Setting the target too high. If your child can only realistically earn 90 points but the target is 100, they'll give up mid-week. Set the target at 85-90% of the maximum possible so they can miss a task and still succeed.

Not reviewing consistently. The Sunday review is what makes the weekly chart work. Skip it two weeks in a row and the system loses meaning. Put it in your calendar.

Letting weekly tasks pile up to Saturday. If your child procrastinates all weekly tasks to the weekend, gently point out the pattern. "You've got three big tasks and it's Saturday morning. Want to do one tonight instead?" Don't force it. Let the time pressure teach the lesson.

Rewards that work with weekly charts

Weekly charts pair naturally with weekly rewards. Instead of redeeming points daily, your child saves up all week and picks a reward on Sunday.
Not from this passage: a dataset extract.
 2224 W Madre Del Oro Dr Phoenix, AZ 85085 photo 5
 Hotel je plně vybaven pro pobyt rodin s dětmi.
Some reward ideas that work well with weekly cycles:

  • Hit the weekly target = choose the family movie
  • Beat the target by 10+ = stay up 30 minutes late on Friday
  • Three weeks in a row hitting target = choose a family outing

The weekly rhythm makes rewards feel more earned and more special than daily redemptions.

The bottom line

A weekly chore chart gives older kids freedom to plan while still holding them accountable. Keep daily essentials on a daily track, move bigger tasks to a weekly schedule, set a clear points target, and review together every Sunday.

The shift from daily to weekly is a maturity milestone. It says "I trust you to manage your time." Most kids rise to meet that trust.